_REQUIRED WORK_: Whenever a line contains the string "green", copy it out of the entries.

_INFORMATION GIVEN_:
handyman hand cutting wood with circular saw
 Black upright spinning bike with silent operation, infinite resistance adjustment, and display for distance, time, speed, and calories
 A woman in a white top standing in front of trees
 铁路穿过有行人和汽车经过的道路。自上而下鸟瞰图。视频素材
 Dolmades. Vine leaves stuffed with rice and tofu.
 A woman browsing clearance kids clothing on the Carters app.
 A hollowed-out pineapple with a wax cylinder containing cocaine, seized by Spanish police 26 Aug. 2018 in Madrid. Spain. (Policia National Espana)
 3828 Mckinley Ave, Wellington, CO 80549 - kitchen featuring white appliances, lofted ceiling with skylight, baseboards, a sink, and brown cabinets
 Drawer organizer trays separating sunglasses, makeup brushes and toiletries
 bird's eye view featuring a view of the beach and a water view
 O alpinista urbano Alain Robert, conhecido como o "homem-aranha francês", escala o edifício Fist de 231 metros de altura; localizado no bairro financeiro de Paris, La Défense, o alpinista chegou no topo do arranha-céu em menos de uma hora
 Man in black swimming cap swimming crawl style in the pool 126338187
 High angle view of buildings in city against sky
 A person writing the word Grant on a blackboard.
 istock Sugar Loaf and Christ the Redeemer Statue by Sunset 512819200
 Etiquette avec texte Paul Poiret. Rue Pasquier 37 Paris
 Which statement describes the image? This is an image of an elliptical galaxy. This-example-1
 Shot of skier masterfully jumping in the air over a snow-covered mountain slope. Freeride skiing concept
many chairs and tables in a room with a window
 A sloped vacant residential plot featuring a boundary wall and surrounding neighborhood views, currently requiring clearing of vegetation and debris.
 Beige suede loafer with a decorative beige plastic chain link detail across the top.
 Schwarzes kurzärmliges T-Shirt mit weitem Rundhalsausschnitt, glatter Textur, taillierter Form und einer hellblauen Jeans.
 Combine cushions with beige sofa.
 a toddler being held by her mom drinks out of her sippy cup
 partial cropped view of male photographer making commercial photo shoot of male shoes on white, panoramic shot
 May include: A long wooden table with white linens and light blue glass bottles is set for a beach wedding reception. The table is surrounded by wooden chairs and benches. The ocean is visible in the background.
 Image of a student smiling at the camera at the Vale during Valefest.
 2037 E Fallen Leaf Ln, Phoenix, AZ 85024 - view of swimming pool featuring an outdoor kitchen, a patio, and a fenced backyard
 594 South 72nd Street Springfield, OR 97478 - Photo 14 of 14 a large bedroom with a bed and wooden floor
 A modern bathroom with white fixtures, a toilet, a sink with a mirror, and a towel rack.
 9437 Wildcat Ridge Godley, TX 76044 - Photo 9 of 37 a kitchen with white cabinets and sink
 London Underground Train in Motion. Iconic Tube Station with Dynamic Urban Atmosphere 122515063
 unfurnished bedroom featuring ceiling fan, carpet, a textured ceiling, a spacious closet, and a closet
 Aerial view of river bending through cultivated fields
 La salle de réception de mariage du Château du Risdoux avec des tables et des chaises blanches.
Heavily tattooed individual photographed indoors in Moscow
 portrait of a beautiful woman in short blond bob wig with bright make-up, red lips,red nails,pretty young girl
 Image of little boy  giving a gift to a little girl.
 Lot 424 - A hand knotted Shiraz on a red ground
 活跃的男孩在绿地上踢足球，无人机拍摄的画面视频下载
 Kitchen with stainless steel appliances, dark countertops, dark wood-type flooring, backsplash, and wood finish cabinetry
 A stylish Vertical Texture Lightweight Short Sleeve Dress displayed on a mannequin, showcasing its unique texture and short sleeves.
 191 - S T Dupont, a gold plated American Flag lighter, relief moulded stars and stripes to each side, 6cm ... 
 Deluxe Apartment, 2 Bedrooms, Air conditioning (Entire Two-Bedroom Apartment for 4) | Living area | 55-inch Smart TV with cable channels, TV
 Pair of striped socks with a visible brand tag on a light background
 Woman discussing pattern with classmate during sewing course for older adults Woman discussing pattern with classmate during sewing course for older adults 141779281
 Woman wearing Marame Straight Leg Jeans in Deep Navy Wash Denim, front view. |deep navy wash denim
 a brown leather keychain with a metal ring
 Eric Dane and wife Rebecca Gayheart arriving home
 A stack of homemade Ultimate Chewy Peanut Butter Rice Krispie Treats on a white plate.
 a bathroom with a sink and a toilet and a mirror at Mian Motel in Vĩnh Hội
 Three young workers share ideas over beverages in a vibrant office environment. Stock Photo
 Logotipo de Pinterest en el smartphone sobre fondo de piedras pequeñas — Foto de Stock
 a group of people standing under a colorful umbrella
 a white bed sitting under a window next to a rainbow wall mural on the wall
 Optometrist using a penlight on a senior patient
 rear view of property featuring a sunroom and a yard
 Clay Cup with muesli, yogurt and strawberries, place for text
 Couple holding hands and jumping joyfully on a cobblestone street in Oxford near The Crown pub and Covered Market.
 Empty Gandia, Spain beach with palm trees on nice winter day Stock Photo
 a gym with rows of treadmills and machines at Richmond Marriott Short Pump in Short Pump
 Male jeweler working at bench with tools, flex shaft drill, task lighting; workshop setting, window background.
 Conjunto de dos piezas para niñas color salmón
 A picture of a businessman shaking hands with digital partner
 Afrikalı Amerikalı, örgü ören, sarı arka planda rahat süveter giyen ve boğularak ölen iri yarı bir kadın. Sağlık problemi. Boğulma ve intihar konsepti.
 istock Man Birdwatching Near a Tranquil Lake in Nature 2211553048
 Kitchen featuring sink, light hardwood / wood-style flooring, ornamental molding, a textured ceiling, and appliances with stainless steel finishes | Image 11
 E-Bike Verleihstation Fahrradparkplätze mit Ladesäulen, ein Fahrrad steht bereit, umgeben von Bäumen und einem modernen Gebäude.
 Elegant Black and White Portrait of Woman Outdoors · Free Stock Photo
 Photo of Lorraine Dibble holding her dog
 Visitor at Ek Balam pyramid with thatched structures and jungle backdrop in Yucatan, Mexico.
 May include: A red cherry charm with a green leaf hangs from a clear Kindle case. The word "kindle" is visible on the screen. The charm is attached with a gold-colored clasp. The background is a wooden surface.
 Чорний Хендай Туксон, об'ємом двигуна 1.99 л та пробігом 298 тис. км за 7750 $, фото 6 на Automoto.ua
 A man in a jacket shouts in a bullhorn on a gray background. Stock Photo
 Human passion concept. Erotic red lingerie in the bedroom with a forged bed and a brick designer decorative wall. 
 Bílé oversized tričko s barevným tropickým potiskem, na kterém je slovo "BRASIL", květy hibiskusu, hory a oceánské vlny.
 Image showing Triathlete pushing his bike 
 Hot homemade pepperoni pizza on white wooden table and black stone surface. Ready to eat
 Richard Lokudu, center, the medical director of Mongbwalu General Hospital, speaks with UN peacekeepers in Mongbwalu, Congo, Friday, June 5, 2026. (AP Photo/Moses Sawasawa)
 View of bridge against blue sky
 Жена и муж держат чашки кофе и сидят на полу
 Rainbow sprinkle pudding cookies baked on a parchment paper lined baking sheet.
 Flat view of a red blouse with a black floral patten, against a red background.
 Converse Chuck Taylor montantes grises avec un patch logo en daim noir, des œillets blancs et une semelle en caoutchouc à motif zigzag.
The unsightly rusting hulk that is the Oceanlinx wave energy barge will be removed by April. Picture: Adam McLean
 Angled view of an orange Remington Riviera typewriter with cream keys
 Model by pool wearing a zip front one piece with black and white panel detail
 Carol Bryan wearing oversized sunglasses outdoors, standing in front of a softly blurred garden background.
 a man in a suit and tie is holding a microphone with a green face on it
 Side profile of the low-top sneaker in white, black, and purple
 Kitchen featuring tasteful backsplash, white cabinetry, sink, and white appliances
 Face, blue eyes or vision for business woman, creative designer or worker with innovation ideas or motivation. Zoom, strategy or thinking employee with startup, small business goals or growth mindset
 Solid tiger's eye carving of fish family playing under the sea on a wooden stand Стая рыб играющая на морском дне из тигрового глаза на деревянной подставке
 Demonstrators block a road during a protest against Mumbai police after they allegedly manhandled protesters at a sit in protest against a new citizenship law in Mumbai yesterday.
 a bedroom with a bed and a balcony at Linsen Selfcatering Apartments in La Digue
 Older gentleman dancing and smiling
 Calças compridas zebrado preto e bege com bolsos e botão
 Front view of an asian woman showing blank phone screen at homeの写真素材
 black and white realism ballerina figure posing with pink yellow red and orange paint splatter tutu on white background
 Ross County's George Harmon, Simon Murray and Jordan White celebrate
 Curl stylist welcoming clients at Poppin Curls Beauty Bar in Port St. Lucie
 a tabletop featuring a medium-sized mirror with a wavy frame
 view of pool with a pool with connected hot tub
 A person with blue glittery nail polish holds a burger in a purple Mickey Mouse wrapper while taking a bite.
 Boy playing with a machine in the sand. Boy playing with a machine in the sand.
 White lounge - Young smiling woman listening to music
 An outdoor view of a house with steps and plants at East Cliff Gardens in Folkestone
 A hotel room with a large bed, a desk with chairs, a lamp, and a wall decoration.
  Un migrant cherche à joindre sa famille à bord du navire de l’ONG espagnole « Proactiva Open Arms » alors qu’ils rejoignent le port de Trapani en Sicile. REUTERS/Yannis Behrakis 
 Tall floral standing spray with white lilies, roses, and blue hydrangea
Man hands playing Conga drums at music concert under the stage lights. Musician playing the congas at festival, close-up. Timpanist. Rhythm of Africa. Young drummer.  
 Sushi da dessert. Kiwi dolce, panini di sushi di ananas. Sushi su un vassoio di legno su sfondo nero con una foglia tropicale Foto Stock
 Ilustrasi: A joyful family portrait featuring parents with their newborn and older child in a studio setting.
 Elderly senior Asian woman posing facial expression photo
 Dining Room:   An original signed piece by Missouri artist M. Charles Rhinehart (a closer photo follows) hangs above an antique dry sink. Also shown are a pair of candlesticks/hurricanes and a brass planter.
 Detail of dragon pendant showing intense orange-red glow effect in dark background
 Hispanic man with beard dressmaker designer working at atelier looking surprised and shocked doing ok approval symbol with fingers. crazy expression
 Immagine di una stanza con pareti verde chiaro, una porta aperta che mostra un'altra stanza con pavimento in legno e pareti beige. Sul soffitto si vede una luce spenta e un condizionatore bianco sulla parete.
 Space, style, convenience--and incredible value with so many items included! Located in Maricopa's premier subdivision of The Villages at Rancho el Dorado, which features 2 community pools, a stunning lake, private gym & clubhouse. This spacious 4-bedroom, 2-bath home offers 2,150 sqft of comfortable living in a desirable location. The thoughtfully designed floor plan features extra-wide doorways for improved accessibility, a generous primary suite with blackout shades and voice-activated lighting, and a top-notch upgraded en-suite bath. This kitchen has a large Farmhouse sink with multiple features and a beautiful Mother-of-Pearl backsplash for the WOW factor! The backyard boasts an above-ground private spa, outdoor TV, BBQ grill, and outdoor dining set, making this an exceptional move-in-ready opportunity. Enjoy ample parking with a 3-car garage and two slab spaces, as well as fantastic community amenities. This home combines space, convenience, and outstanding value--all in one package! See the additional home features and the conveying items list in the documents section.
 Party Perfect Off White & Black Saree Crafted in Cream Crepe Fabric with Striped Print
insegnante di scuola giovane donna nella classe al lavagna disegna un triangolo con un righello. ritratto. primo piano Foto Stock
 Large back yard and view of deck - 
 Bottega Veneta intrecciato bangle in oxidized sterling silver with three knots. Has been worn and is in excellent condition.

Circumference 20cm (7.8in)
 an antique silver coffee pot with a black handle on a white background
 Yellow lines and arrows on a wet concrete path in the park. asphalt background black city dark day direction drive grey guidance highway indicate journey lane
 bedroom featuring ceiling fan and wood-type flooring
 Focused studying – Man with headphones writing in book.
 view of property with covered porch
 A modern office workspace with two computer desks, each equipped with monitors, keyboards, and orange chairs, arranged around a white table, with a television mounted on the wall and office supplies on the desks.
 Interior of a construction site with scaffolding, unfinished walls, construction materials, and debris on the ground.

_SOLUTION_:
 May include: A red cherry charm with a green leaf hangs from a clear Kindle case. The word "kindle" is visible on the screen. The charm is attached with a gold-colored clasp. The background is a wooden surface.
 a man in a suit and tie is holding a microphone with a green face on it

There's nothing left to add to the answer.